Under the new three-year deal, the broadcaster will continue to show the top-pick game live each Wednesday from both the group stage and knockout stage of the elite club competition.
Mega also held UCL rights for the 2021-22 to 2023-24 cycle through a sub-licensing deal with Cosmote, the Greek pay-TV broadcaster which acquired rights to the competition (and other UEFA club competitions) for the three-year period.
As part of the deal struck between Cosmote and the Team Marketing agency, which handles UEFA’s commercial and broadcast rights sales, it was stipulated that one game each Wednesday in the three-year cycle would have to be shown on free-to-air TV.
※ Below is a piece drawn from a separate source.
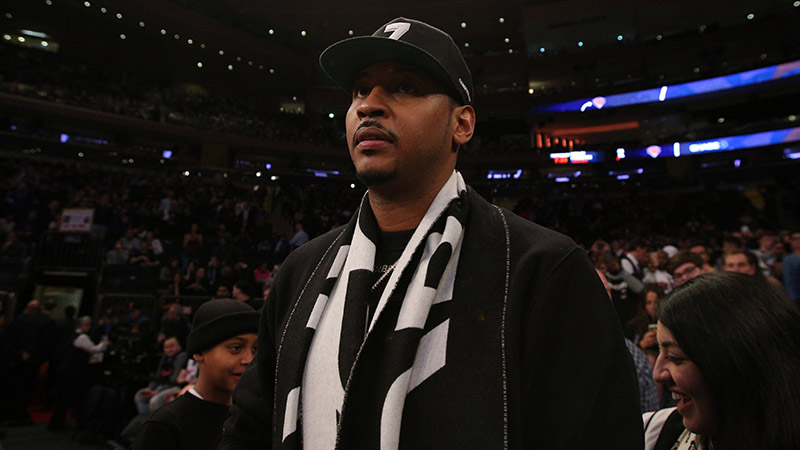 Carmelo Anthony Signs With Blazers: How Bookmakers Are Reacting article feature image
Team went to market in Greece with a tender for the 2024-27 UEFA club rights in October 2023, with a deadline of December 5 set for bids.
In the 2018-19 to 2020-21 UEFA club competitions rights cycle, meanwhile, a similar package of free-to-air rights was allocated to ERT, the Greek public-service broadcaster.
As well as the live action, Mega, which relaunched as a channel in 2020 following its closure in 2018, will also show post-game highlights each Wednesday from all the games in the round of fixtures.
Mega’s new deal will begin on August 14 with its broadcast of the UEFA Super Cup between Real Madrid and Atalanta, last season’s Champions League and Europa League winners.
Earlier this month, the Megogo streaming service retained rights to UEFA's club competitions for the next three-year cycle in Ukraine.
In other European markets, pay-TV broadcaster Nova recently snapped up rights in the Czech Republic, while Viaplay secured a deal for Sweden, Denmark, and Iceland, and bTV renewed in Bulgaria. Elsewhere, Wowow also extended its deal in Japan.
UEFA opened the tender process for media rights in New Zealand. meanwhile, for the new cycle at the start of this month.
From the 2024-25 season, the Champions League will take on a new single-league format, with the competition expanding from 32 to 36 teams, and incorporating 189 matches instead of the current 125.
Last season, Piraeus-based Olympiakos won UEFA’s third-tier Europa Conference League to become the first Greek team to win a European trophy.